_Information given_
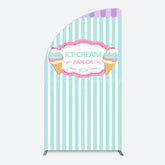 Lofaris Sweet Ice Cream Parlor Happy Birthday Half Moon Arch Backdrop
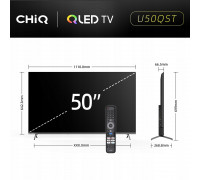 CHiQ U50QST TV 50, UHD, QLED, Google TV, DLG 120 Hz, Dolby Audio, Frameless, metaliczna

---

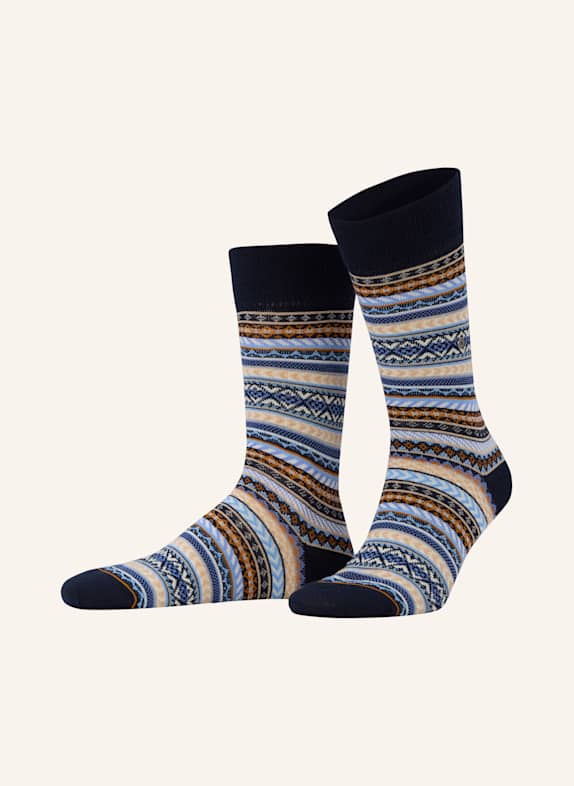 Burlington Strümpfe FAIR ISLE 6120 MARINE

---

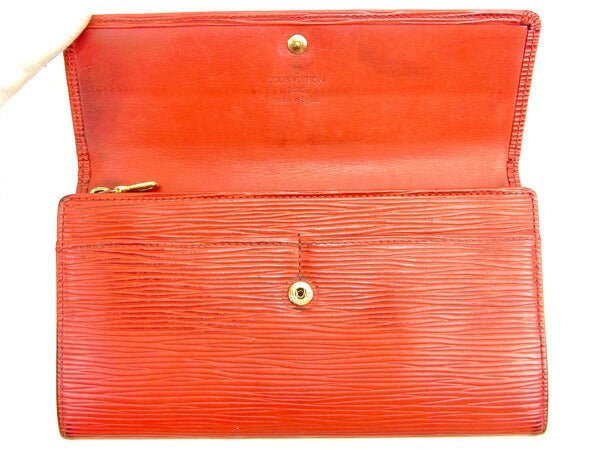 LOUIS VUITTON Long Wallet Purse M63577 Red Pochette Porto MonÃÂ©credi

_Your goal_
Above, find the line with "Lofaris Sweet Ice"; copy it and every line down to the line with "CHiQ U50QST TV", exactly and both included, but no pictures.

_Result of this exercise_
 Lofaris Sweet Ice Cream Parlor Happy Birthday Half Moon Arch Backdrop
 CHiQ U50QST TV 50, UHD, QLED, Google TV, DLG 120 Hz, Dolby Audio, Frameless, metaliczna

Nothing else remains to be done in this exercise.